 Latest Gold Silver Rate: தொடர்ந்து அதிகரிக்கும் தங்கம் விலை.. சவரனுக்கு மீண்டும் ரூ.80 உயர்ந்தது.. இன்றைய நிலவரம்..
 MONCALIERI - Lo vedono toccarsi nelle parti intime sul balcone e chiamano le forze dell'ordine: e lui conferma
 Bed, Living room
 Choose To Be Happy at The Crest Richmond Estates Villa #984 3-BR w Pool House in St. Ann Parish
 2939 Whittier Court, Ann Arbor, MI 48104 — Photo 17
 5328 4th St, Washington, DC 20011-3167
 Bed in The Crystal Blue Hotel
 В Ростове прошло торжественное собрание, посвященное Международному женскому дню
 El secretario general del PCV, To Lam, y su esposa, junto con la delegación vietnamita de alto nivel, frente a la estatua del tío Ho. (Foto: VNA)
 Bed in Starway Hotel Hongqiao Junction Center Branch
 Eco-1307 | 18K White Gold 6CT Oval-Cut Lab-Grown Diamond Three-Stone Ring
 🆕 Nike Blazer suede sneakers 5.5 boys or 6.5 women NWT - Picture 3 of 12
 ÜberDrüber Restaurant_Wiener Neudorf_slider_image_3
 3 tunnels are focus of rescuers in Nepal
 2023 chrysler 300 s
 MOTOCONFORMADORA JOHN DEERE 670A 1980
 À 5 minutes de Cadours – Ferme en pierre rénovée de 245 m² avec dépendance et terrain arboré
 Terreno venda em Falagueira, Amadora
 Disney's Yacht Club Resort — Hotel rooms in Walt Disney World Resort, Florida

• _YOUR ASSIGNMENT_:
Repeat exactly the lines from the line containing "2023 chrysler 300 s" through the last line of the records above, including both, and nothing else.

• _EXERCISE ANSWER_:
 2023 chrysler 300 s
 MOTOCONFORMADORA JOHN DEERE 670A 1980
 À 5 minutes de Cadours – Ferme en pierre rénovée de 245 m² avec dépendance et terrain arboré
 Terreno venda em Falagueira, Amadora
 Disney's Yacht Club Resort — Hotel rooms in Walt Disney World Resort, Florida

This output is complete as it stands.